> [ASSIGNED TASK] Copy the data exactly. Images are to be left out.

> [Records from a data collection]
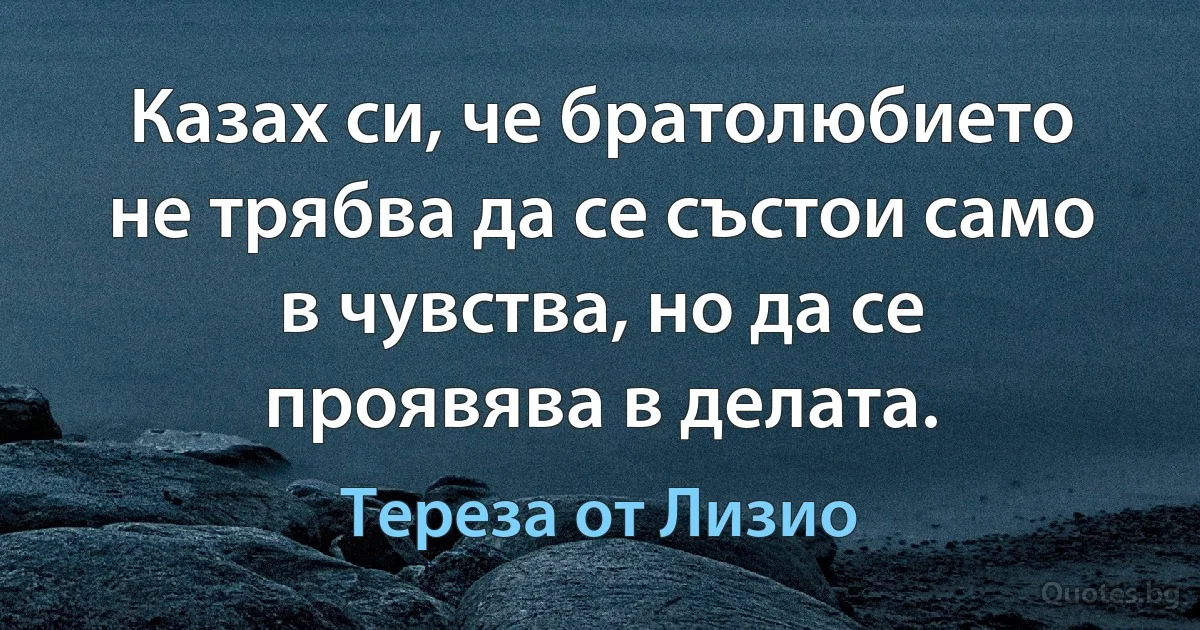 Казах си, че братолюбието не трябва да се състои само в чувства, но да се проявява в делата. (Тереза от Лизио)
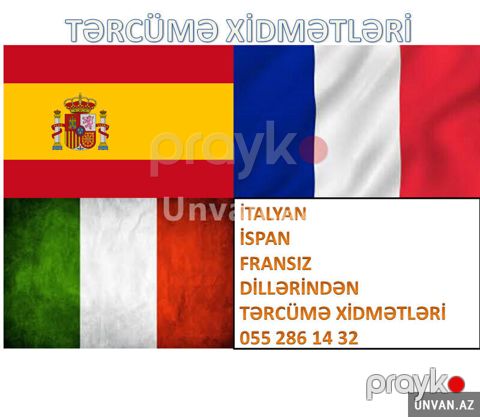 Fransız İspan İtalyan dilindən tərcümə xidməti — Bakı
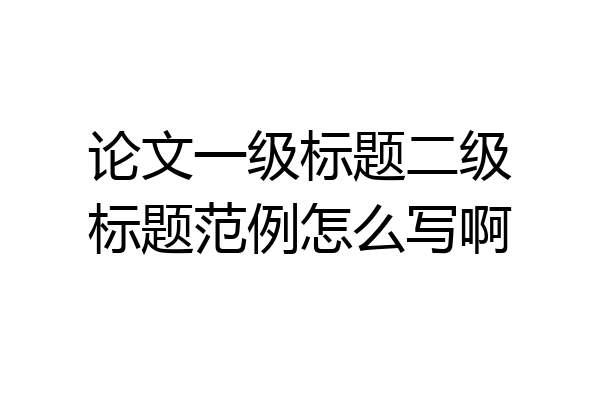 论文一级标题二级标题范例怎么写啊
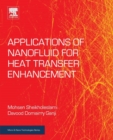 Applications of Nanofluid for Heat Transfer Enhancement - Book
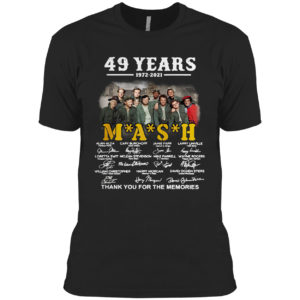 49 years 1972-2021 Mash thank you for the memories signatures shirt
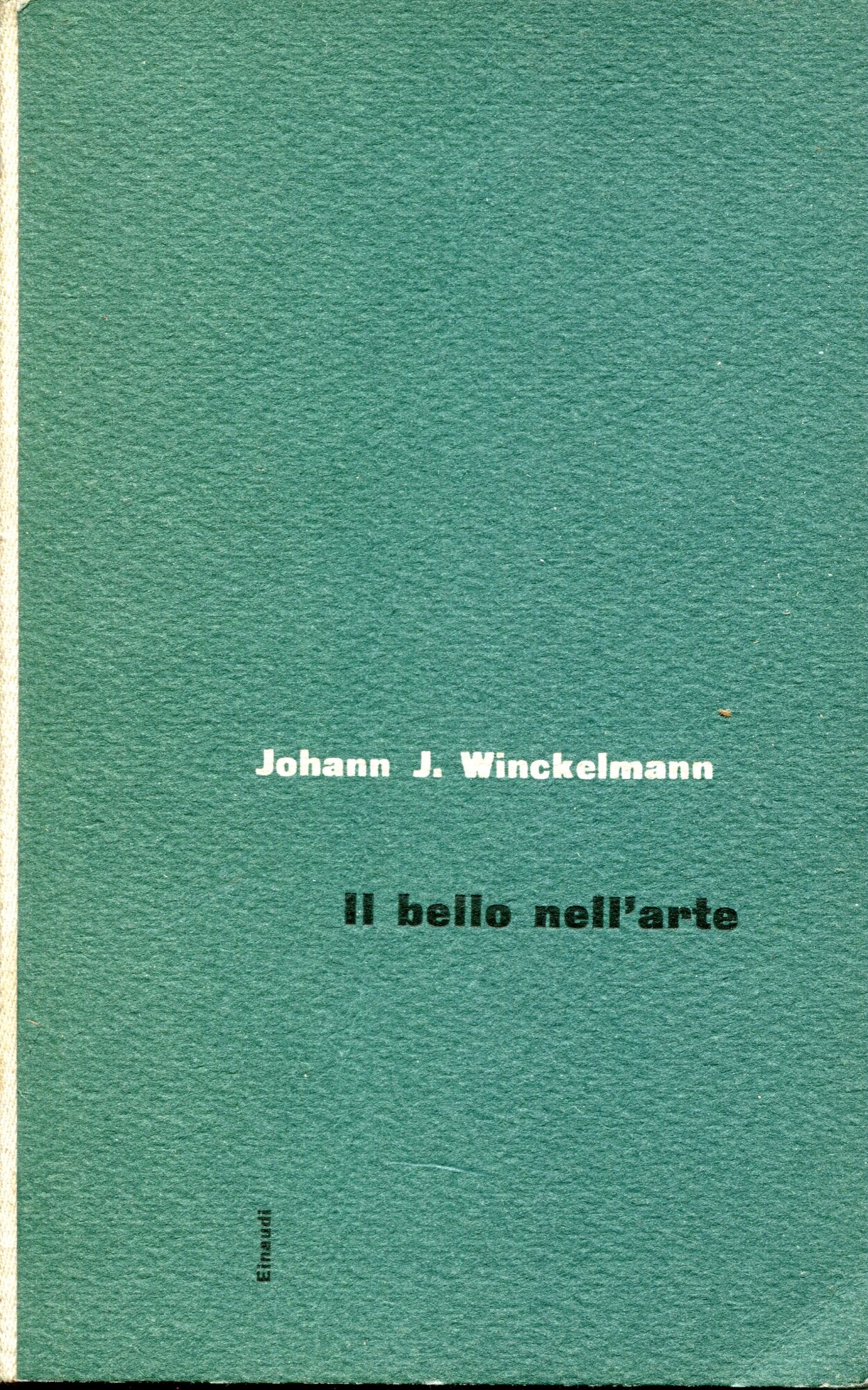 Il bello nell'arte : scritti sull'arte antica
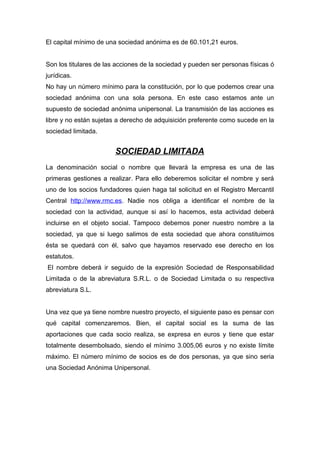 El capital mínimo de una sociedad anónima es de 60.101,21 euros.


Son los titulares de las acciones de la sociedad y pueden ser personas físicas ó
jurídicas.
No hay un número mínimo para la constitución, por lo que podemos crear una
sociedad anónima con una sola persona. En este caso estamos ante un
supuesto de sociedad anónima unipersonal. La transmisión de las acciones es
libre y no están sujetas a derecho de adquisición preferente como sucede en la
sociedad limitada.


                        SOCIEDAD LIMITADA
La denominación social o nombre que llevará la empresa es una de las
primeras gestiones a realizar. Para ello deberemos solicitar el nombre y será
uno de los socios fundadores quien haga tal solicitud en el Registro Mercantil
Central http://www.rmc.es. Nadie nos obliga a identificar el nombre de la
sociedad con la actividad, aunque si así lo hacemos, esta actividad deberá
incluirse en el objeto social. Tampoco debemos poner nuestro nombre a la
sociedad, ya que si luego salimos de esta sociedad que ahora constituimos
ésta se quedará con él, salvo que hayamos reservado ese derecho en los
estatutos.
El nombre deberá ir seguido de la expresión Sociedad de Responsabilidad
Limitada o de la abreviatura S.R.L. o de Sociedad Limitada o su respectiva
abreviatura S.L.


Una vez que ya tiene nombre nuestro proyecto, el siguiente paso es pensar con
qué capital comenzaremos. Bien, el capital social es la suma de las
aportaciones que cada socio realiza, se expresa en euros y tiene que estar
totalmente desembolsado, siendo el mínimo 3.005,06 euros y no existe límite
máximo. El número mínimo de socios es de dos personas, ya que sino seria
una Sociedad Anónima Unipersonal.
 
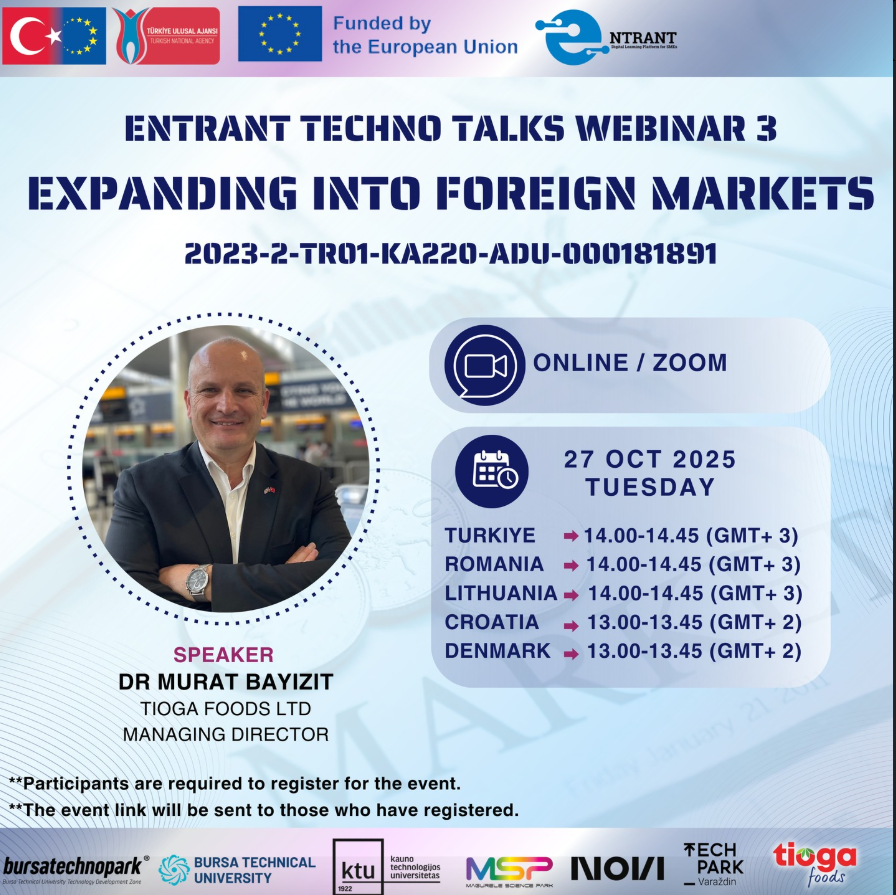ENTRANTproject's tweet photo. Join the 3rd session of the ENTRANT Webinar Series hosted by Bursa Technical University!
🎤Dr. Murat Bayızıt, @tiogafoods : "Expanding Into Foreign Markets"
📅27 Oct 2025
💻Online (Zoom)
Türkiye/Lithuania/Romania 14:00 | Denmark/Croatia 13:00
👉Register: https://t.co/6pwLCb9sWm https://t.co/lvYeWbcKyU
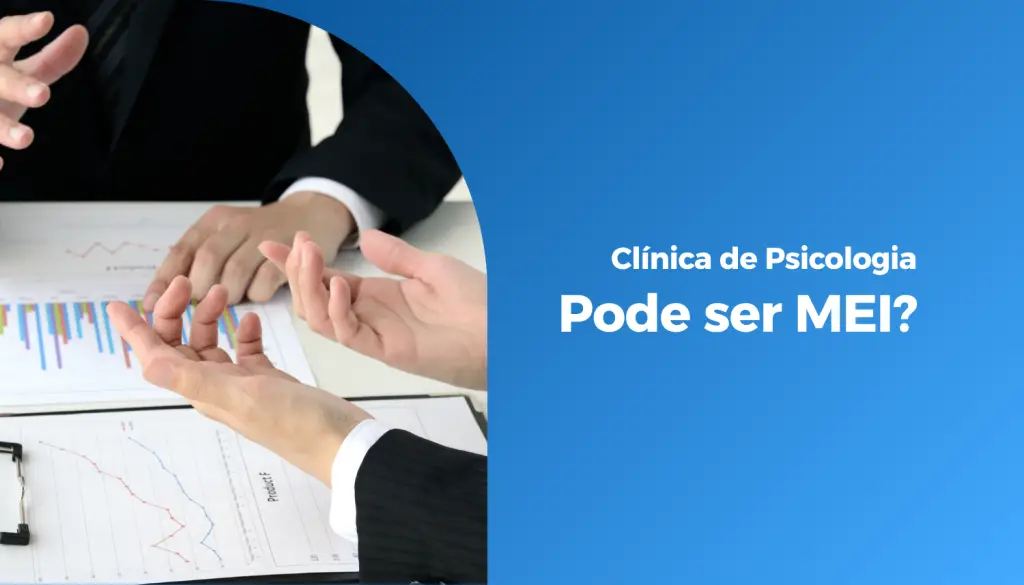 Clínica de Psicologia: Pode ser MEI?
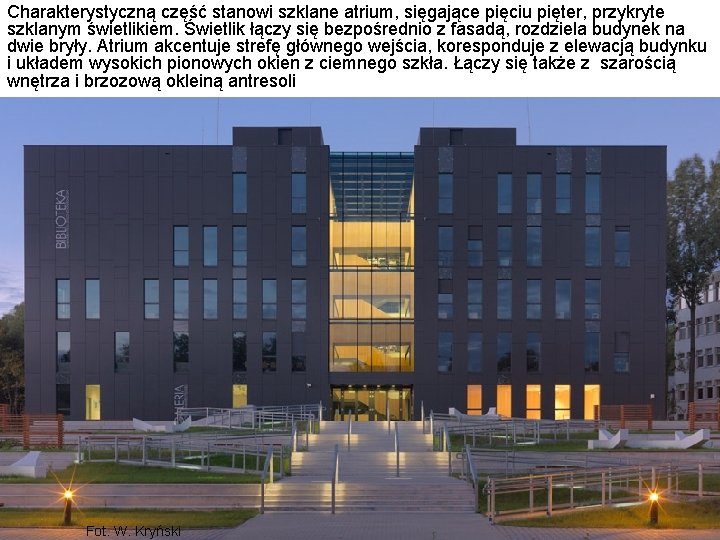 Charakterystyczną część stanowi szklane atrium, sięgające pięciu pięter, przykryte szklanym świetlikiem. Świetlik łączy się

> [RESULT OF THIS EXERCISE]
 Казах си, че братолюбието не трябва да се състои само в чувства, но да се проявява в делата. (Тереза от Лизио)
 Fransız İspan İtalyan dilindən tərcümə xidməti — Bakı
 论文一级标题二级标题范例怎么写啊
 Applications of Nanofluid for Heat Transfer Enhancement - Book
 49 years 1972-2021 Mash thank you for the memories signatures shirt
 Il bello nell'arte : scritti sull'arte antica
 El capital mínimo de una sociedad anónima es de 60.101,21 euros.


Son los titulares de las acciones de la sociedad y pueden ser personas físicas ó
jurídicas.
No hay un número mínimo para la constitución, por lo que podemos crear una
sociedad anónima con una sola persona. En este caso estamos ante un
supuesto de sociedad anónima unipersonal. La transmisión de las acciones es
libre y no están sujetas a derecho de adquisición preferente como sucede en la
sociedad limitada.


                        SOCIEDAD LIMITADA
La denominación social o nombre que llevará la empresa es una de las
primeras gestiones a realizar. Para ello deberemos solicitar el nombre y será
uno de los socios fundadores quien haga tal solicitud en el Registro Mercantil
Central http://www.rmc.es. Nadie nos obliga a identificar el nombre de la
sociedad con la actividad, aunque si así lo hacemos, esta actividad deberá
incluirse en el objeto social. Tampoco debemos poner nuestro nombre a la
sociedad, ya que si luego salimos de esta sociedad que ahora constituimos
ésta se quedará con él, salvo que hayamos reservado ese derecho en los
estatutos.
El nombre deberá ir seguido de la expresión Sociedad de Responsabilidad
Limitada o de la abreviatura S.R.L. o de Sociedad Limitada o su respectiva
abreviatura S.L.


Una vez que ya tiene nombre nuestro proyecto, el siguiente paso es pensar con
qué capital comenzaremos. Bien, el capital social es la suma de las
aportaciones que cada socio realiza, se expresa en euros y tiene que estar
totalmente desembolsado, siendo el mínimo 3.005,06 euros y no existe límite
máximo. El número mínimo de socios es de dos personas, ya que sino seria
una Sociedad Anónima Unipersonal.
 
ENTRANTproject's tweet photo. Join the 3rd session of the ENTRANT Webinar Series hosted by Bursa Technical University!
🎤Dr. Murat Bayızıt, @tiogafoods : "Expanding Into Foreign Markets"
📅27 Oct 2025
💻Online (Zoom)
Türkiye/Lithuania/Romania 14:00 | Denmark/Croatia 13:00
👉Register: https://t.co/6pwLCb9sWm https://t.co/lvYeWbcKyU
 Clínica de Psicologia: Pode ser MEI?
 Charakterystyczną część stanowi szklane atrium, sięgające pięciu pięter, przykryte szklanym świetlikiem. Świetlik łączy się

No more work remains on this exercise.